Friday, November 25, 2016

Leading Actress 1989

It sucks when life gets in the way of things. With my work, I often times only have one choice of what I can do when I get home. Unfortunately, that sometimes means watching a boring 2 hour film or a movie I've seen like 5 times before. Prioritizing and balancing this blog out can be tough sometimes. Move forward with the project or get further behind on watching the latest Netflix show everyone is talking about or even not going out after work. Thankfully I really enjoy watching these films, even some of the bad ones, so it's not too much of a drain. Plus, I've had some long layoffs before and I don't really want this blog and project to take 20 years. Anyway, I'm wary of the Best Actress category. I'm waiting for a year to blow me away and to consistently find some really great and wonderful performances. Hopefully this is the year but I won't hold my breath.

1989 Best Actress

Jessica Tandy - Driving Miss Daisy

This is very clearly a veteran nomination that charmed the voters enough to get a win. You hold this up to other Best Actress winners and it is not one of the strongest choices by any means. I think you have to look at this field as a whole to really understand why Tandy was able to win. You've got a French film/actress nominated that wasn't going to do much, an unknown British actress, an up and comer with Pfeiffer, and the only real threat in Jessica Lange for a film I know nothing about. That's without having seen any of the other nominees but I imagine holds true for the average voter even back in 1989. They enjoyed this little film about an old lady who is, let's be frank, a fucking racist who gets a negro, oops, I mean black driver in Morgan Freeman and she warms up to him over time all the while still bossing him around. She helps him to read even though that really interesting side piece is glossed over and not much is done with it. If the film were to focus on her being a former teacher and teaching him to read instead of just barely mentioning it, this might have been a better choice. Instead, she's a stubborn, old lady who is wary of her black driver and accuses him of stealing and wants him to slow down while driving and not joke around with the other black help. But of course, Tandy has a change of heart after her negr...er, driver is questioned by some cops in Alabama. She even asks Freeman to a dinner where MLK is speaking because she has become this good Southern woman that the audience can now feel good about supporting. I don't buy the performance. It's boring to me and very predictable. I don't care that she starts to see race as a social thing to support instead of as just being part of the help. It's pandering to the audience and honestly doesn't hold up under scrutiny. Tandy is an awful person who suddenly changes and it doesn't feel authentic or warranted. Sure the two have decent chemistry but I credit that to Freeman's performance more than Tandy's. I don't look at this as a good win or an oh, that's cute type of win. This is a bad look for the Academy who were for whatever reason eager to reward Tandy for such a bad role and a mediocre performance. No thanks.

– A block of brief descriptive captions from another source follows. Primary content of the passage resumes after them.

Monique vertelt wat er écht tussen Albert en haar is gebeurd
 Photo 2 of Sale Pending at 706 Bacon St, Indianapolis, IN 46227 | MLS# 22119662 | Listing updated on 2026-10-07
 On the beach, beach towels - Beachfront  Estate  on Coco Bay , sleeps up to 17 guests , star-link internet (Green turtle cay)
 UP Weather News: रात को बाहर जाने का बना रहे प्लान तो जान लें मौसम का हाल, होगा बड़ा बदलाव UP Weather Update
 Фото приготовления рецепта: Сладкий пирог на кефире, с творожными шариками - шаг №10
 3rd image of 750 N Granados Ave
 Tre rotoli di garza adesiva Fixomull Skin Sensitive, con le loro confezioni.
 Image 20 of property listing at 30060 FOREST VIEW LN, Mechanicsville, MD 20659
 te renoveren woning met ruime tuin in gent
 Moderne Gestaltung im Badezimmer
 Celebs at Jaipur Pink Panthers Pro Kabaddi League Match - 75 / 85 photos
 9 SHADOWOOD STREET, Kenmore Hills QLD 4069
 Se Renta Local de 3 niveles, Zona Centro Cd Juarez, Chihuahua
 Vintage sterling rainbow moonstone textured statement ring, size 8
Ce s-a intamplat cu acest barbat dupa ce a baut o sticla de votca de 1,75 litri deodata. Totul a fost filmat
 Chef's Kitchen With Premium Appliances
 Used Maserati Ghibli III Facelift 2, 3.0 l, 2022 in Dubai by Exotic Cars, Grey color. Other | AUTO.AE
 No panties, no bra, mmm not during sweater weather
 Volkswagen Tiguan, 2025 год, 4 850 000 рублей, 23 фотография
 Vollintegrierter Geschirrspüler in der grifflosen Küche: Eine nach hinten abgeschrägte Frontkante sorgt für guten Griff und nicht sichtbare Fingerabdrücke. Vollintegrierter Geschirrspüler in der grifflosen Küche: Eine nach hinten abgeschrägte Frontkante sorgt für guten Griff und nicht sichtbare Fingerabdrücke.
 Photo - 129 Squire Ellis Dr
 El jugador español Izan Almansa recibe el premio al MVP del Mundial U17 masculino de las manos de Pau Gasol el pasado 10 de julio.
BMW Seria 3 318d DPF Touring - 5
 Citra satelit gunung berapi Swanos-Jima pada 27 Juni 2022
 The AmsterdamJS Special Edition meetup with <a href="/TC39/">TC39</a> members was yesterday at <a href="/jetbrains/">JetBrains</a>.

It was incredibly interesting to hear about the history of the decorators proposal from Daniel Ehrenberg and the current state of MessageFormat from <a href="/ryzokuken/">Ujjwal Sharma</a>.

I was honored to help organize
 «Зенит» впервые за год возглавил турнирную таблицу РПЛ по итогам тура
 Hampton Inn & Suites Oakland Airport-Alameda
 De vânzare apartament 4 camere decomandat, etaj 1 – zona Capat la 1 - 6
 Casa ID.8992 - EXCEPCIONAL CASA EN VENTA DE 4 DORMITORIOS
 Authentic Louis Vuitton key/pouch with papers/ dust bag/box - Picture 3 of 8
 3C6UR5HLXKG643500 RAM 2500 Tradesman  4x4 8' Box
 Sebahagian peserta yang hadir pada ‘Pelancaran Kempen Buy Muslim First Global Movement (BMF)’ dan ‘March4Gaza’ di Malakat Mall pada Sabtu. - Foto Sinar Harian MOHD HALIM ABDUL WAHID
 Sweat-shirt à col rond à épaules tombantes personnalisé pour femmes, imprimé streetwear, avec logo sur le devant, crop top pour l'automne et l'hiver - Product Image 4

Isabelle Adjani - Camille Claudel

Isabelle Adjani is really beautiful. That information doesn't have any bearing on the performance but thought I'd throw that out there. I really liked Adjani for the first half of the film. I was surprised that she was giving such a good performance as the title character who was a sculptress and mentored by Auguste Rodin (a good performance from Gerard Depardieu who I had issues with in 1990) before later becoming lovers. I liked the first half because Adjani's character is so determined and such a no-nonsense hard worker. It was refreshing to see her not get bogged down with stale romantic plots and instead be a focused woman engrossed in her work. Adjani gives the appropriate seriousness to the character where you can believe sculpting is her life and passion and that she was a bit of a rebel and ahead of her time for doing so. It was really strong stuff and highly interesting watching her not take shit from the men she worked with. Then the film can't help itself and we get the romantic part of the film which actually isn't too bad. The two respect each other's work and even though Rodin is involved with someone, the two spark up a romance that isn't too treacly or unbelievable. The romance seems rooted in reality up to a point when the fame and pressures of life and other women creep into the relationship. That's when Claudel starts to become critical of her own work and emotional more than she had been in the past. It's this part of the performance that I don't like because Adjani resorts to screaming and overacting the craziness of her character. Whereas in the beginning she was so assured in her character and so earnest I hated when the film devolved into what you kinda think of as a typical French film with all the histrionics. I was really rooting for this performance, too, because the rest of these nominees are so underwhelming. Even still, I was surprised at how good Adjani was at first and think the fault lies more with the film itself. I'll have to see where she ends up for me.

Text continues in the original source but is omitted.